The report card attributes those improvements largely to restoration efforts, such as upgrades to wastewater treatment plants, oyster replenishment and aquatic grass plantings.

The report carves up the Bay and its tributaries into 15 segments. Six of those had better health scores in 2024: the Elizabeth, James and Patapsco/Back rivers as well as the upper Western Shore, the upper Bay mainstem and the lower Bay mainstem. 

Josh Kurtz, Secretary of the Maryland Department of Natural Resources

Josh Kurtz, Secretary of the Maryland Department of Natural Resources, speaks during the unveiling of the 2025 Chesapeake Bay report card produced by the University of Maryland. 

The best score belonged to the lower Bay, which received a B. Dennison traced that to the tidal exchange with the nearby Atlantic Ocean and to improvements in Virginia’s James River. He applauded the James River Association, one of the lower Bay’s largest environmental groups, for the efforts that won it the Thiess International Riverprize in 2019.

Meanwhile, the letter grade for the Chesapeake’s “watershed health,” as opposed to its aquatic health, notched upward to a C+ in 2024, raising its score from 52% to 57%. That score refers to the health of the 64,000-square-mile watershed as a whole and considers ecological, societal and economic indicators. For specific regions, scores ranged from 42% in the Choptank River watershed on Maryland’s Eastern Shore to 61% along the upper James.

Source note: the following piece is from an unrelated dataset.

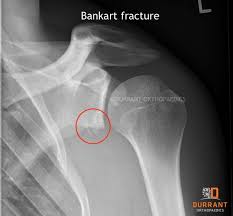 Image result for Shoulder Subluxation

The UMCES report card has long coexisted with another Baywide health assessment independently authored by the Chesapeake Bay Foundation, the largest nonprofit dedicated to protecting and restoring the Bay watershed. UMCES officials announced at the Annapolis event that the two entities plan to work together on future report cards.

“It will reduce the confusion of having two separate report cards and slightly different messaging,” said Heath Kelsey, director of UMCES Integration and Application Network, “but we’re still working out the details.”